My experience from Dota 2 is fairly similar - many people lose hundreds of elo points “just to make up for that one loss that should have been a win”. Luckily on OGS it only takes those few wins to make up for the huge deficits that come from equally few losses.
Other rating systems have other problems - ranking up on IGS takes forever (about 15-20 straight wins depending on your rank), similar numbers for the Tygem/wBaduk/Fox cluster, on KGS your rank will slowly crystallize into a never-changing number, but you can also increase your (uncrystallized) rank by losing to a much stronger player in an even game.
We’re all complaining about rating points we lost, but in the end, the fact that we have a rating system that allows us to rank up quickly as soon as we stop being as terrible at the game as we have been until now, sit down and actually work for it, I think that’s an advantage.

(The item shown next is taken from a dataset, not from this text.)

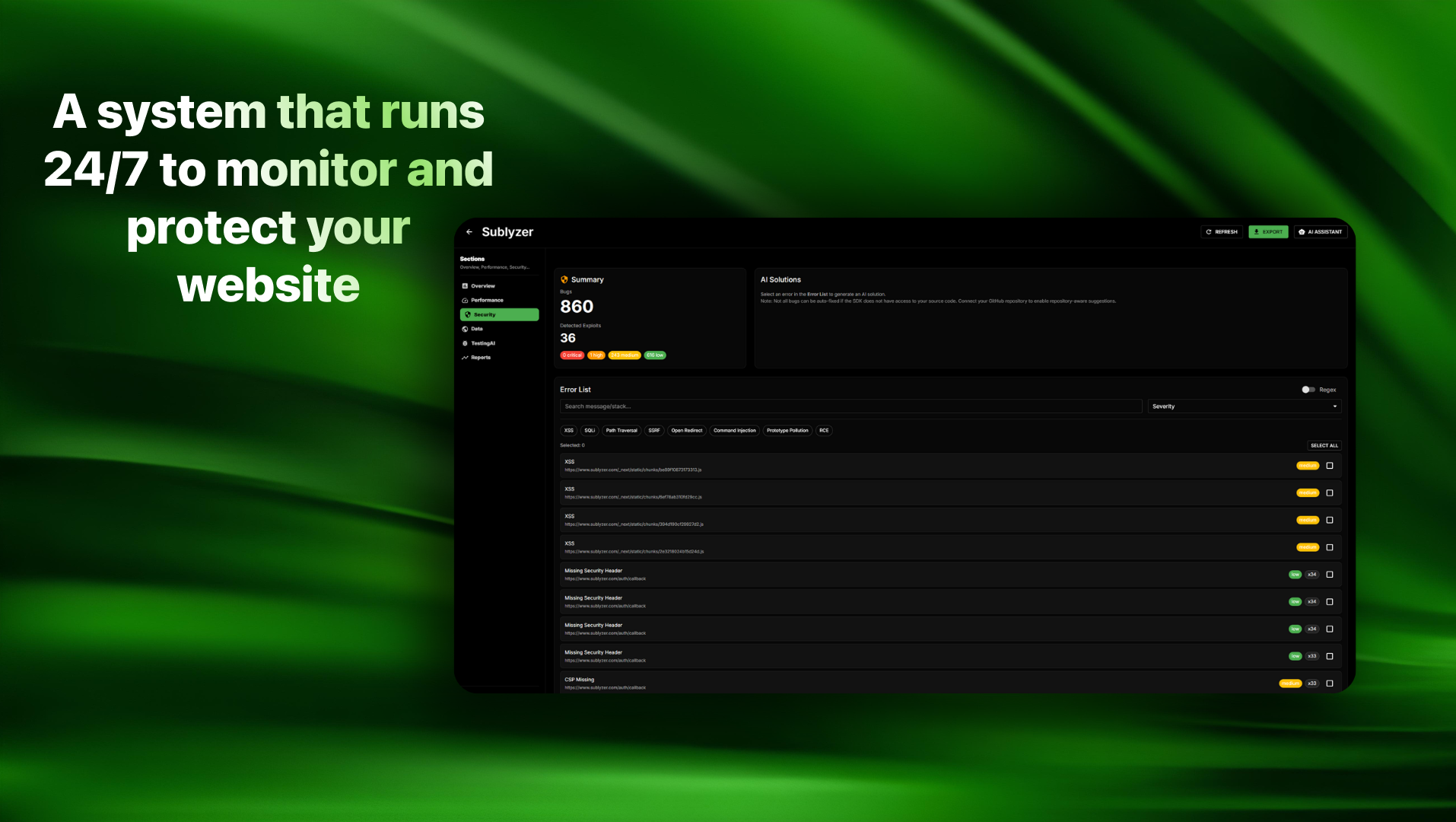 Sublyzer One - Screenshot 2 showing product features and functionality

I could obviously be my fault, not necessarily a bug.
Also @mekriff could be right: it could just be a coincidence that the rating system was recalculating the batch of 15 games precisely while I was losing that single game. It could happen.
But because of the already mentioned lack of informations about these calculations, we are all just making suppositions. I still really don’t understand why our beloved devs are so shy about this topic.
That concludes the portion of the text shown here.